Hainsworth, who hails from the UK and who is considered a marketing guru in the outdoor media sector (stemming from her time at Clear Channel), highlighted the trailblazing research on consumer habits conducted by The Institute of Practitioners in Advertising.
“It was found, from the institute’s study, that across hundreds of brands and sectors, the importance of emotionally-charged advertising outweighed that of appealing to the consumer’s logical and rational mind. So for instance, advertising price offers won’t really cut it in terms of hooking your customer,” she said.
Interestingly, the fame model is the most effective emotional strategy of all. Making your brand famous in its category can lead to big profit gains.
“Human beings employ rules of thumb when faced with a plethora of choice, and these can include price, familiarity, fame and social proof. People will choose a brand that they have heard of, that is famous, or that their friends recommend,” Hainsworth asserted.
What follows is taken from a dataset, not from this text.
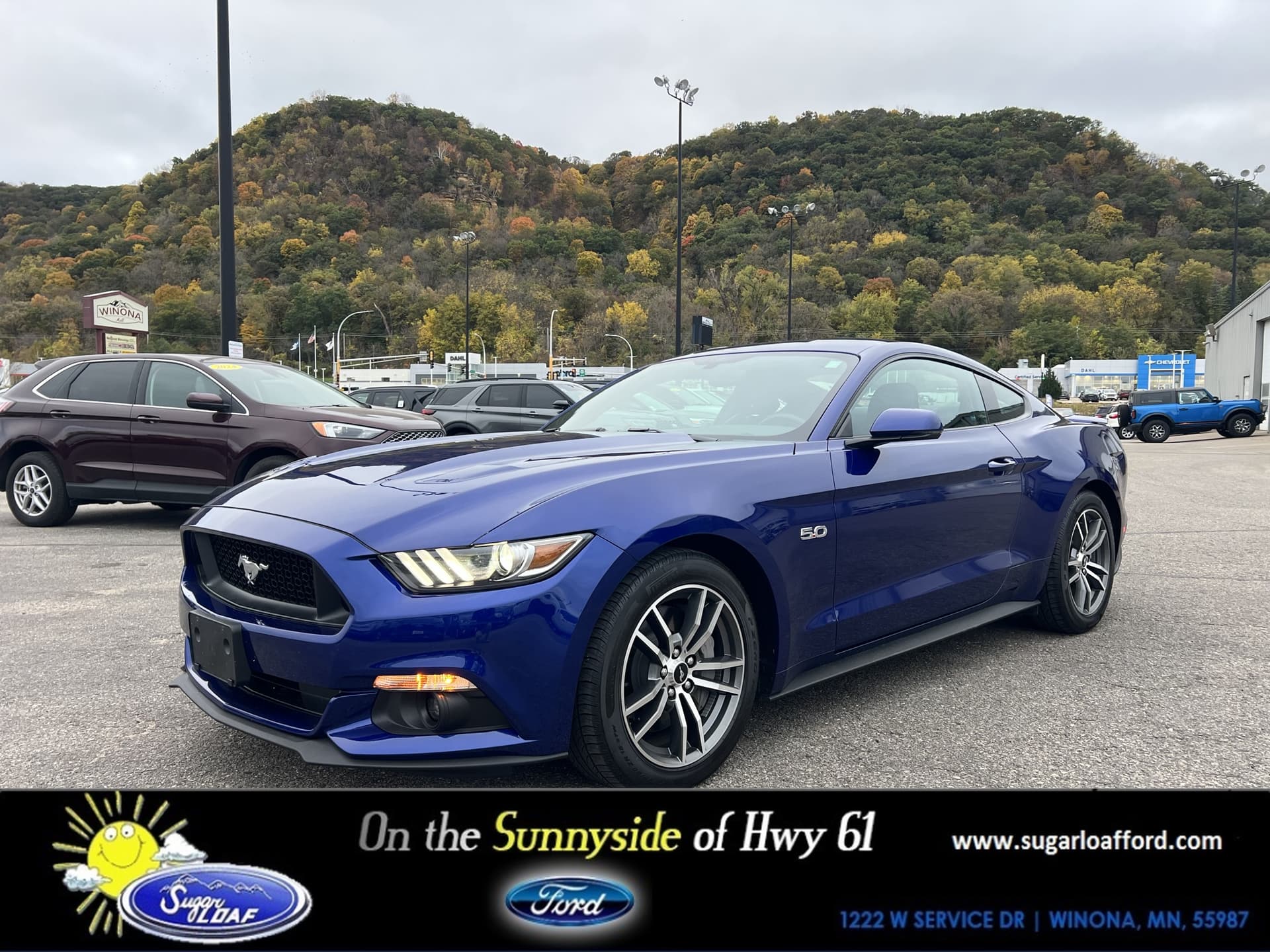 2015 Ford Mustang GT Premium — photo 1 of 20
Barry Sayer, CEO of Continental Outdoor Media, expanded Hainsworth’s sentiments by illustrating how marketers are not only intent on understanding their customers – the sometimes irrational and emotional way they make their choices and the surge of reactions if a brand gets something wrong – but also how they live their lives and make their choices.
“We are seeing how campaigns are often multi-dimensional, multi-sensory and holistic, with a continuing conversational brand presence, rather than the peaks and troughs of yesteryear,” said Sayer.
Added Hainsworth: “For brands to be truly differentiated, they have to go beyond traditional ratings tools and rather delve deep into the psyches of consumers.”
‘Psychographic’ variables, as they are known in consumer research, are attributes relating to personality, values, attitude, interests and lifestyles. It expands on ‘demographic’ variables like age and gender or behavioural variables such as usage rate.
“These kind of ‘psychographic’ variables may be helpful to marketers in reaching a more aware, empowered and often skeptical consumer. Brands are thus moving towards developing closer relationships with their customers and to understand them as real people,” she said.
Hainsworth used the example of Unilever, which she said was a company that supports its brands with excellent marketing and multi-channel communication. “Companies increasingly have to be engaged with their customers at all hours, often must think globally as well as locally, and have to be involved from the board down, in being clear about the company’s purpose, in engaging with consumers, embracing technology and in extracting maximum value from data.
“It is no wonder that we have seen a large number of company restructures, at Sony, P&G, News International and Yahoo, among others, as chief executives position their businesses to be more flexible, fast and innovative for the future, because it will come down to survival of the fittest.”